We are delighted that Pete Johnson, author of multi award-winning titles like The Ghost Dog and How to Train Your Parents is joining this year's Youth Libraries Group Conference to discuss funny books. Here he talks about some of the books that made him laugh as a child and continue to provide mirth and merriment. Which books made you laugh as a child and do they continue to do so today?
Writing this, I only have to look up, to see them massed across two shelves. Some are rather shabby and battered now, but they have travelled through time with me.
For these are my most treasured children’s books. The ones which cast such a spell, they made me a reader. And many of them are funny stories.
Now, if you’d come across me when I was eight or nine, I doubt if you’d have described me as fizzing with comic energy. I was a painfully shy, fearful boy. ‘Look at people when they’re speaking to you,’ my mum would say. But I found that very hard. I was much happier mumbling away to my shoes.

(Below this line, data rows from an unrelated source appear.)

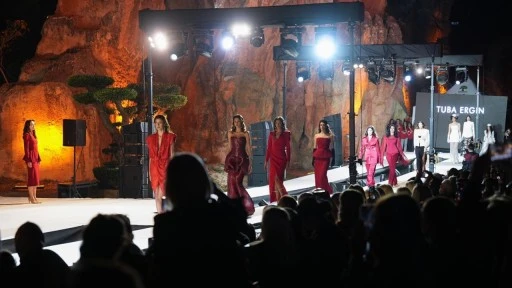 Dülük Antik Kenti'nde özel etkinlik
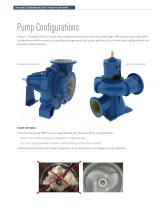 Vertical Mixed Flow Pumps - 4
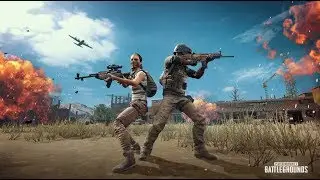 PUBG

This at least, was the outward me. But as soon as I could escape the tyranny of what other people called ‘real life’ I was off travelling the countryside with my irrepressible alter ego, William Brown.
One night while reading a William book I caused my parents to come tearing up the stairs. They’d heard a noise. What had happened? It was very simple. I’d been laughing so hard at William and the Princess Goldilocks (from William the Pirate) I’d fallen out of bed. My parents were so pleased to see me smiling and free from my usual anxiety they didn’t say a word. In fact, they helped me buy all thirty eight of the Just William books by Richmal Crompton. William’s anarchic spirit called up something in me, as well as his optimism and resilience and sense of purpose.

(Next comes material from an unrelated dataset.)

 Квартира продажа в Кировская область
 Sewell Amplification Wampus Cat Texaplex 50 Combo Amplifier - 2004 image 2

I collected every one of the Jennings books by Anthony Buckeridge too. He was similarly bold and impetuous, never deliberately causing trouble but still leaving a hilarious trail of accidents and disasters. The moment when Jennings accidentally stuck his head in the railings, while attemping to photograph a squirrel never failed to make me fall about helplessly.

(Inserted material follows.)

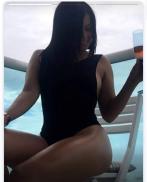 Проститутка Michelle French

I re-read the William and Jennings stories over and over, marvelling not only at the brilliant characters but the witty dialogue and careful way they were structured. I suppose I was starting to analyse them.
But mainly, I was a boy who, left to his own devices, could swiftly fill his head with gloomy thoughts. In fact, I could depress myself in seconds. And there was only one antidote.
Another book which always lifted my spirits was Holiday at the Dew Drop Inn, by Eve Garnett. Here, my favourite character from the One End Street books – Kate Ruggles – spends two glorious months in the country. Now Kate was more than a bit like me – earnest, bookish, eager not to give offence. The book’s humorous tone, gently mocks Kate’s endless worrying and anxiousness and I suppose in laughing at Kate I was also beginning to laugh at myself.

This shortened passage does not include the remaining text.